**Work order:**
Please write out exactly the lines of the data below from the line holding "Legging en coton" through the line holding "Bed IMAGE 5", and leave out the rest.
════════════════════
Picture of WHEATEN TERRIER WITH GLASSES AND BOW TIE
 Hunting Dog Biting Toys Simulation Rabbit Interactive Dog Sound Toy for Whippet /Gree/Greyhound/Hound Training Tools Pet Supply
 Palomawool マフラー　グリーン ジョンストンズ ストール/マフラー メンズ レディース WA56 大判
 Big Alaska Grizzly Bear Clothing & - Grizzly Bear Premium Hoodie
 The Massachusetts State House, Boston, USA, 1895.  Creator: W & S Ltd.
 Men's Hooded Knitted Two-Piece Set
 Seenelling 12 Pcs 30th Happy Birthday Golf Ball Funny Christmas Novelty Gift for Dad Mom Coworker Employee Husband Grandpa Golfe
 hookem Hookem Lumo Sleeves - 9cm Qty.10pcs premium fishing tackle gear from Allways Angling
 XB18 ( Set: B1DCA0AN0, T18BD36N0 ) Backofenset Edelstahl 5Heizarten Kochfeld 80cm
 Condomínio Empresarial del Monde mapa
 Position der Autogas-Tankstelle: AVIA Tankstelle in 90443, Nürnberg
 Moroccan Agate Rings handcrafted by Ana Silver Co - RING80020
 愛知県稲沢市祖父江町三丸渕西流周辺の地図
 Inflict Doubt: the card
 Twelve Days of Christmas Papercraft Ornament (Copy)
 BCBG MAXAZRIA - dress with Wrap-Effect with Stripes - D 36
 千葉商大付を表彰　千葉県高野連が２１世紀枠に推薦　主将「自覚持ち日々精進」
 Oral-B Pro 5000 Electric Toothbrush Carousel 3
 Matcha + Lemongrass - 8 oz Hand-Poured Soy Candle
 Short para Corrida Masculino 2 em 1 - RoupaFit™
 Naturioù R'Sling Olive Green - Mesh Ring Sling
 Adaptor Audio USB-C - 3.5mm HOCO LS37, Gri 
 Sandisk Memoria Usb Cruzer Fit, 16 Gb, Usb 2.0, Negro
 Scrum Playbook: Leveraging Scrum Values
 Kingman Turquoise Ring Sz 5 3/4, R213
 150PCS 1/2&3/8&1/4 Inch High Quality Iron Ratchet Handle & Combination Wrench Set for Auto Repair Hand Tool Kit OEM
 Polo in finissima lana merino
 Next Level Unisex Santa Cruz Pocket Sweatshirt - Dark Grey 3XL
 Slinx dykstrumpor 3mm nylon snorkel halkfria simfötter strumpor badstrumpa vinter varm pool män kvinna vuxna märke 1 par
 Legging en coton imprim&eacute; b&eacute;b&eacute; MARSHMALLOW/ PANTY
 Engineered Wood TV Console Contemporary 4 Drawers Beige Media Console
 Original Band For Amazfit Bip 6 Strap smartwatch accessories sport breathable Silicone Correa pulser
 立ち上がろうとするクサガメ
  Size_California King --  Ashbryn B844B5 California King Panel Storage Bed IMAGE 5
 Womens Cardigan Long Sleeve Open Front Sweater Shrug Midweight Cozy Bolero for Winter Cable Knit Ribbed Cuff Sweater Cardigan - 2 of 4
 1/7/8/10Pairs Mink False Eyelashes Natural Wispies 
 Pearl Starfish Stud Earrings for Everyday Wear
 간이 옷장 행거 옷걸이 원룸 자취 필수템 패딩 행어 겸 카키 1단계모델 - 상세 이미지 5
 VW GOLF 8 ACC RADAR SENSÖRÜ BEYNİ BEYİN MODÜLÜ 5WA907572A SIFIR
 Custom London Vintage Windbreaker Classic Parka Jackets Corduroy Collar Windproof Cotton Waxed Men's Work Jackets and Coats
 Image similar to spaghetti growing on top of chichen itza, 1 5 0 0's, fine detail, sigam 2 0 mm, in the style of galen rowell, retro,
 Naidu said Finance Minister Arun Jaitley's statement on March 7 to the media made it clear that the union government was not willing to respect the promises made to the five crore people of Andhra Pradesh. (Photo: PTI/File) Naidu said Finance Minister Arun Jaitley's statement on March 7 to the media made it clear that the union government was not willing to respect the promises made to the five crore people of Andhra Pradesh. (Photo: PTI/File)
════════════════════
**Output for this task:**
 Legging en coton imprim&eacute; b&eacute;b&eacute; MARSHMALLOW/ PANTY
 Engineered Wood TV Console Contemporary 4 Drawers Beige Media Console
 Original Band For Amazfit Bip 6 Strap smartwatch accessories sport breathable Silicone Correa pulser
 立ち上がろうとするクサガメ
  Size_California King --  Ashbryn B844B5 California King Panel Storage Bed IMAGE 5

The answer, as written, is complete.